= Entries provided =
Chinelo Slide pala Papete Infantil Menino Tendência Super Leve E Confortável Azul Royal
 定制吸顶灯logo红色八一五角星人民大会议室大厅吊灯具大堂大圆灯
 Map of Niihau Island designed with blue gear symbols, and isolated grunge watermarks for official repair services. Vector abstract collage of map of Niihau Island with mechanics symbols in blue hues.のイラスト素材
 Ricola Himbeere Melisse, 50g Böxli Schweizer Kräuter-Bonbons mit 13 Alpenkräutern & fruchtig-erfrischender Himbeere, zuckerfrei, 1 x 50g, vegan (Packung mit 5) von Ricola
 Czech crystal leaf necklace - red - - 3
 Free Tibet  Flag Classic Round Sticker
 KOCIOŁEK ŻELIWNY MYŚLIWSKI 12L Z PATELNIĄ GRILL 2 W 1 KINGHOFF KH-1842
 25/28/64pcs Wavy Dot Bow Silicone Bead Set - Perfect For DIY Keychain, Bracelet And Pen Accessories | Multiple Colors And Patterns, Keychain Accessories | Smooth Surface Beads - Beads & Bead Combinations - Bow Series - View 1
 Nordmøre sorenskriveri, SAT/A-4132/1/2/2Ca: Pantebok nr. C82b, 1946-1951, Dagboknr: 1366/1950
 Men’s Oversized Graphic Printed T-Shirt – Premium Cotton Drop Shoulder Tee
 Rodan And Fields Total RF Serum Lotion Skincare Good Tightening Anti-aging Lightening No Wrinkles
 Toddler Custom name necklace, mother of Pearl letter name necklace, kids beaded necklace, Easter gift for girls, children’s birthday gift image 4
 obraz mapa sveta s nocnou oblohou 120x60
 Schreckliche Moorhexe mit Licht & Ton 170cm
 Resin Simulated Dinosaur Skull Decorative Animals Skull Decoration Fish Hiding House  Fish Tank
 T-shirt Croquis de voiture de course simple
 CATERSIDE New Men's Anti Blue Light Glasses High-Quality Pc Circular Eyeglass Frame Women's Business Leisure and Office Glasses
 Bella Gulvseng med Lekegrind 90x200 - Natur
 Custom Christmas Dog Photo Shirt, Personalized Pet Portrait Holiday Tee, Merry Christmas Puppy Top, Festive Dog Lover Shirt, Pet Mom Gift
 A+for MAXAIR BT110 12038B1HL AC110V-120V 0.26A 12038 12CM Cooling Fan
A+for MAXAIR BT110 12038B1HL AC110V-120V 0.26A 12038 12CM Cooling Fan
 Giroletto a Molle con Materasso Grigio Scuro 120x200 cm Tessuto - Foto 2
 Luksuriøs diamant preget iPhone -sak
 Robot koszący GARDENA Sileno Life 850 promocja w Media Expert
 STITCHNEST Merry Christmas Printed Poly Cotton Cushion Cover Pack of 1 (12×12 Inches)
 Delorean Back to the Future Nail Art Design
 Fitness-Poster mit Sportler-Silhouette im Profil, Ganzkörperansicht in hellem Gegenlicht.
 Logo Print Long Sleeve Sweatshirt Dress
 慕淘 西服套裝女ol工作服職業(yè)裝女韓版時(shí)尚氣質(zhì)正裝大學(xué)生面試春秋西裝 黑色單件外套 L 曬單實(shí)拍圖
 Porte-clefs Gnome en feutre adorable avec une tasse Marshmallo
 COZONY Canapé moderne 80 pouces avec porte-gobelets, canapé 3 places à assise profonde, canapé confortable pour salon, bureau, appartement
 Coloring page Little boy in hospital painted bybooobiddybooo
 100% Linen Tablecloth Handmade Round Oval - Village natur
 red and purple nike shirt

= Task brief =
Repeat every entry above exactly, leaving nothing out.

= Finished task =
Chinelo Slide pala Papete Infantil Menino Tendência Super Leve E Confortável Azul Royal
 定制吸顶灯logo红色八一五角星人民大会议室大厅吊灯具大堂大圆灯
 Map of Niihau Island designed with blue gear symbols, and isolated grunge watermarks for official repair services. Vector abstract collage of map of Niihau Island with mechanics symbols in blue hues.のイラスト素材
 Ricola Himbeere Melisse, 50g Böxli Schweizer Kräuter-Bonbons mit 13 Alpenkräutern & fruchtig-erfrischender Himbeere, zuckerfrei, 1 x 50g, vegan (Packung mit 5) von Ricola
 Czech crystal leaf necklace - red - - 3
 Free Tibet  Flag Classic Round Sticker
 KOCIOŁEK ŻELIWNY MYŚLIWSKI 12L Z PATELNIĄ GRILL 2 W 1 KINGHOFF KH-1842
 25/28/64pcs Wavy Dot Bow Silicone Bead Set - Perfect For DIY Keychain, Bracelet And Pen Accessories | Multiple Colors And Patterns, Keychain Accessories | Smooth Surface Beads - Beads & Bead Combinations - Bow Series - View 1
 Nordmøre sorenskriveri, SAT/A-4132/1/2/2Ca: Pantebok nr. C82b, 1946-1951, Dagboknr: 1366/1950
 Men’s Oversized Graphic Printed T-Shirt – Premium Cotton Drop Shoulder Tee
 Rodan And Fields Total RF Serum Lotion Skincare Good Tightening Anti-aging Lightening No Wrinkles
 Toddler Custom name necklace, mother of Pearl letter name necklace, kids beaded necklace, Easter gift for girls, children’s birthday gift image 4
 obraz mapa sveta s nocnou oblohou 120x60
 Schreckliche Moorhexe mit Licht & Ton 170cm
 Resin Simulated Dinosaur Skull Decorative Animals Skull Decoration Fish Hiding House  Fish Tank
 T-shirt Croquis de voiture de course simple
 CATERSIDE New Men's Anti Blue Light Glasses High-Quality Pc Circular Eyeglass Frame Women's Business Leisure and Office Glasses
 Bella Gulvseng med Lekegrind 90x200 - Natur
 Custom Christmas Dog Photo Shirt, Personalized Pet Portrait Holiday Tee, Merry Christmas Puppy Top, Festive Dog Lover Shirt, Pet Mom Gift
 A+for MAXAIR BT110 12038B1HL AC110V-120V 0.26A 12038 12CM Cooling Fan
A+for MAXAIR BT110 12038B1HL AC110V-120V 0.26A 12038 12CM Cooling Fan
 Giroletto a Molle con Materasso Grigio Scuro 120x200 cm Tessuto - Foto 2
 Luksuriøs diamant preget iPhone -sak
 Robot koszący GARDENA Sileno Life 850 promocja w Media Expert
 STITCHNEST Merry Christmas Printed Poly Cotton Cushion Cover Pack of 1 (12×12 Inches)
 Delorean Back to the Future Nail Art Design
 Fitness-Poster mit Sportler-Silhouette im Profil, Ganzkörperansicht in hellem Gegenlicht.
 Logo Print Long Sleeve Sweatshirt Dress
 慕淘 西服套裝女ol工作服職業(yè)裝女韓版時(shí)尚氣質(zhì)正裝大學(xué)生面試春秋西裝 黑色單件外套 L 曬單實(shí)拍圖
 Porte-clefs Gnome en feutre adorable avec une tasse Marshmallo
 COZONY Canapé moderne 80 pouces avec porte-gobelets, canapé 3 places à assise profonde, canapé confortable pour salon, bureau, appartement
 Coloring page Little boy in hospital painted bybooobiddybooo
 100% Linen Tablecloth Handmade Round Oval - Village natur
 red and purple nike shirt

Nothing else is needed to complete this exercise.